Dataset content:
· · · · · · ·
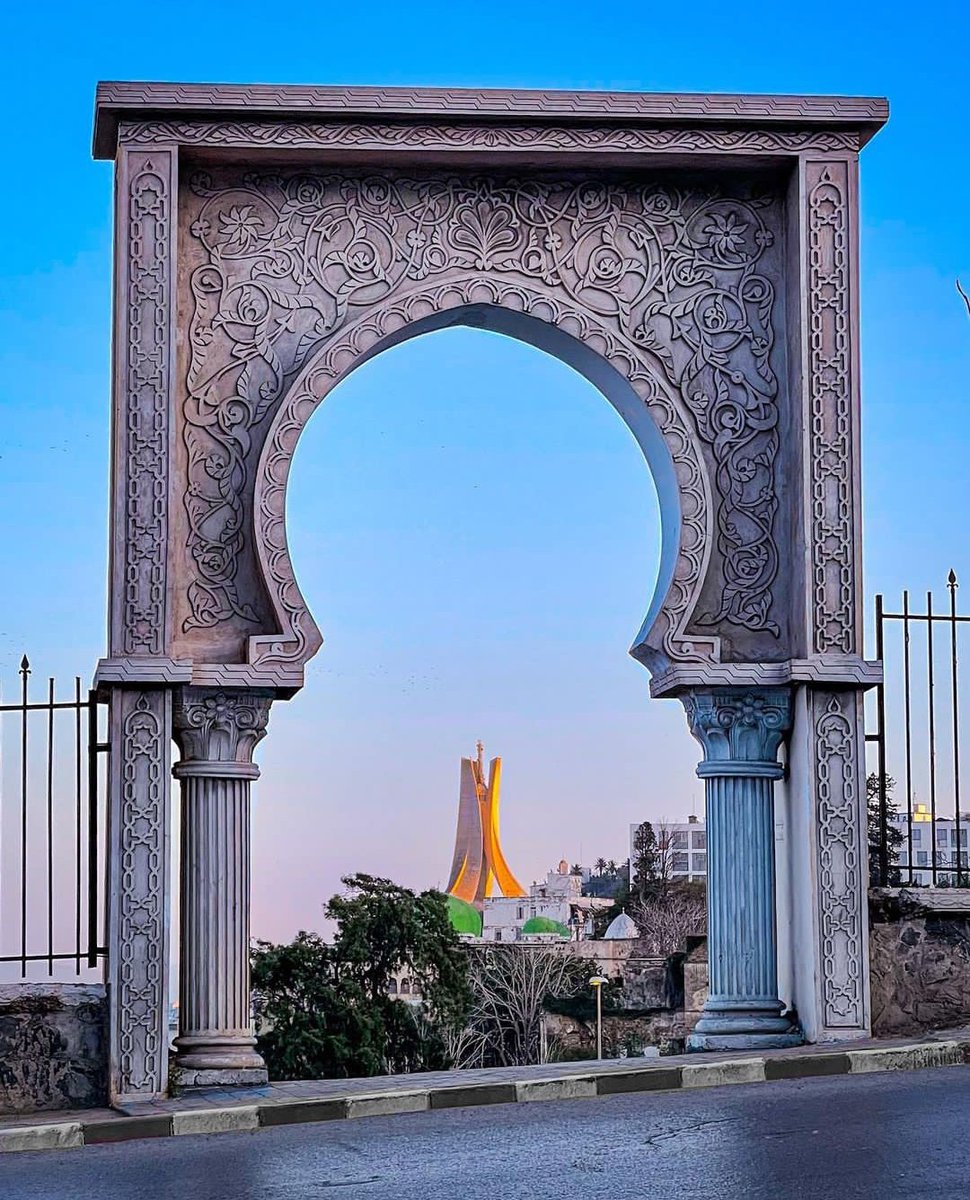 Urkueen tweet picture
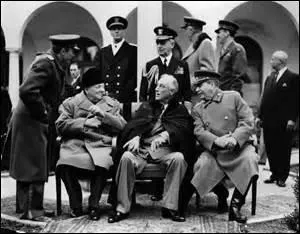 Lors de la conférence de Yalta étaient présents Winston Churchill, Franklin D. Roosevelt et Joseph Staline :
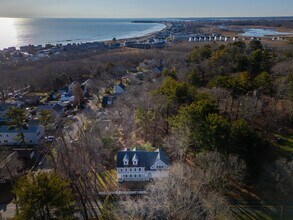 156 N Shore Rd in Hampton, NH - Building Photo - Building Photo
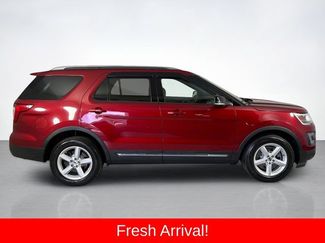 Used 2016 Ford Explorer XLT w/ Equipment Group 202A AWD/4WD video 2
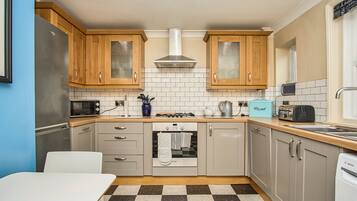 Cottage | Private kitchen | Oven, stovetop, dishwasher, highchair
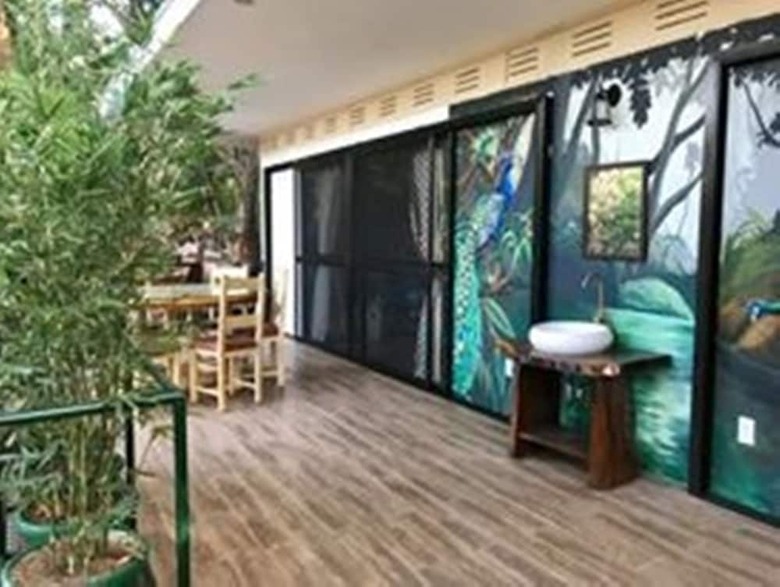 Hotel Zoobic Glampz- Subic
· · · · · · ·
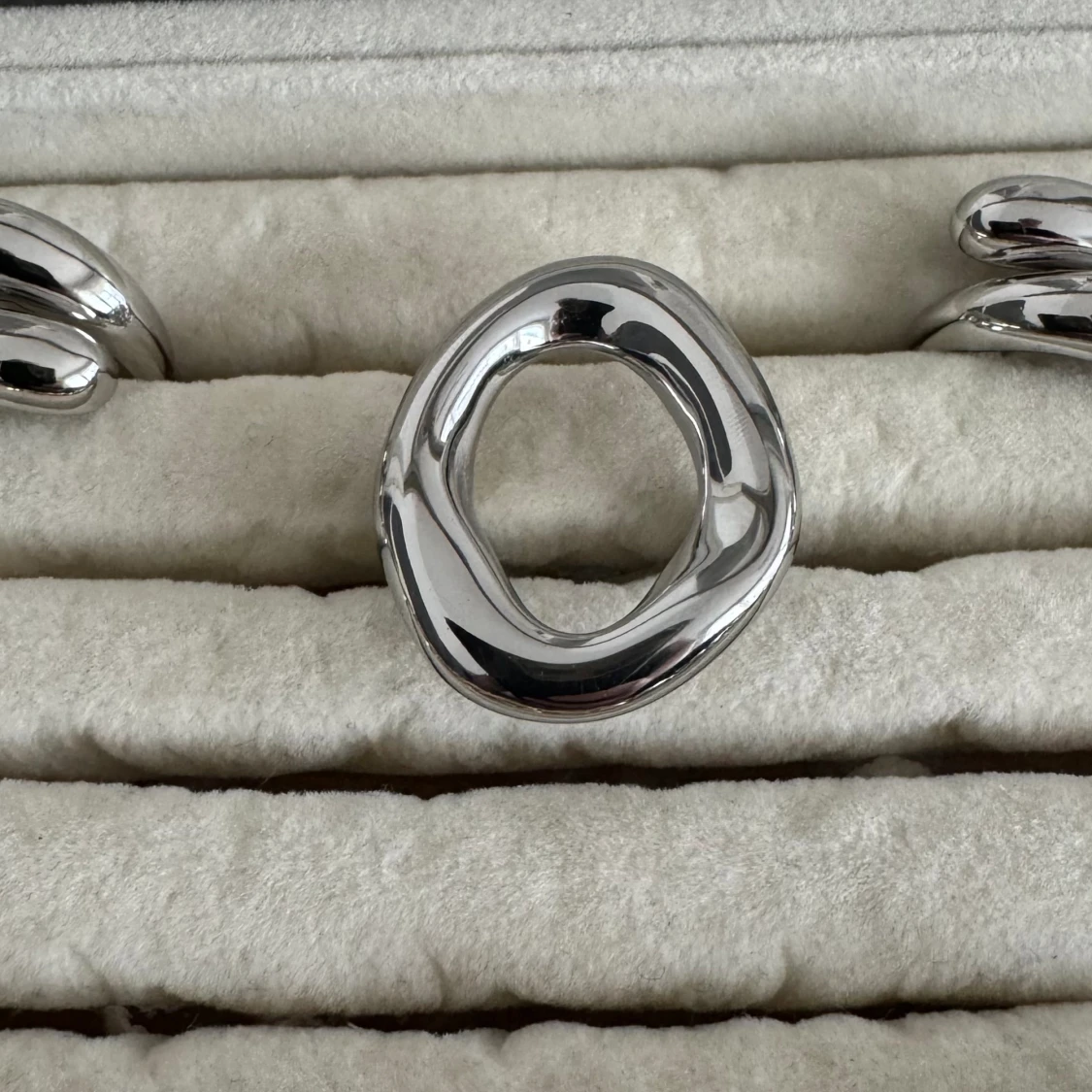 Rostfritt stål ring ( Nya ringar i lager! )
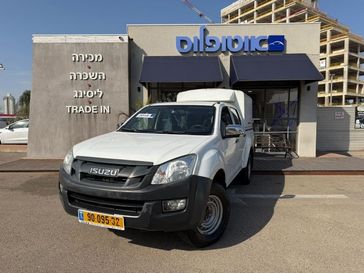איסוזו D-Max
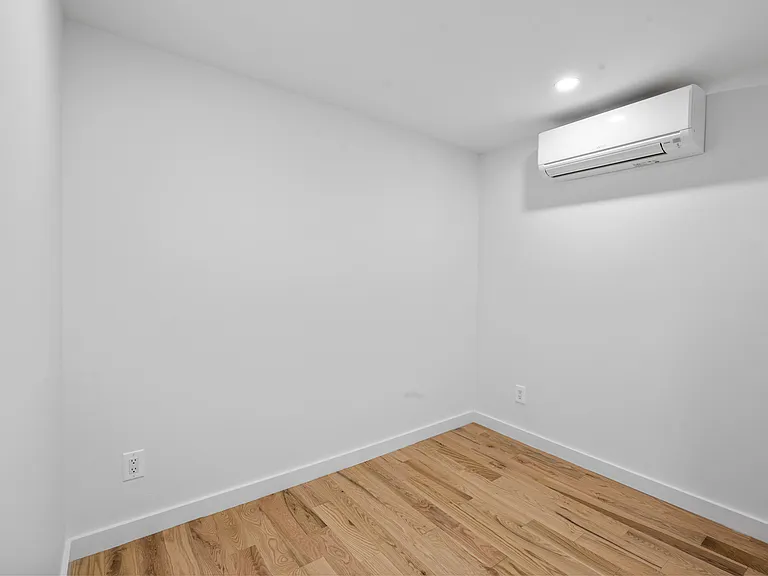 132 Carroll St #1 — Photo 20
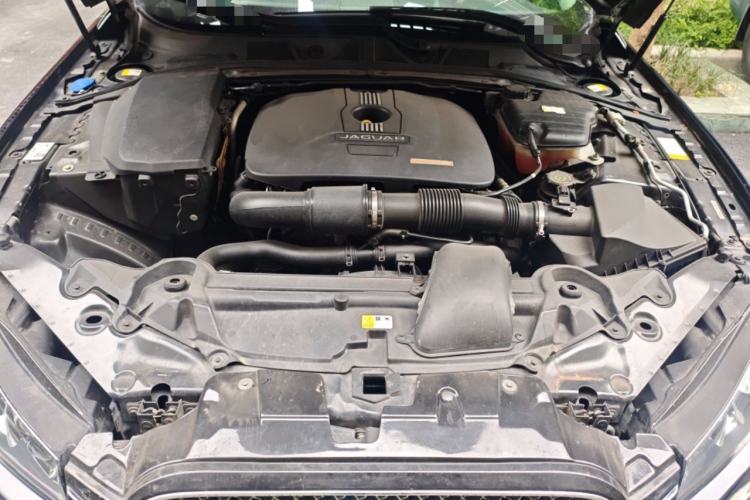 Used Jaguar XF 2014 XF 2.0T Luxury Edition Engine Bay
· · · · · · ·
Work to complete: Only one stretch of the data is wanted: write out exactly the lines from the one holding "Urkueen tweet picture" through the one holding "Hotel Zoobic Glampz- Subic", both included, without the pictures.

Response:
 Urkueen tweet picture
 Lors de la conférence de Yalta étaient présents Winston Churchill, Franklin D. Roosevelt et Joseph Staline :
 156 N Shore Rd in Hampton, NH - Building Photo - Building Photo
 Used 2016 Ford Explorer XLT w/ Equipment Group 202A AWD/4WD video 2
 Cottage | Private kitchen | Oven, stovetop, dishwasher, highchair
 Hotel Zoobic Glampz- Subic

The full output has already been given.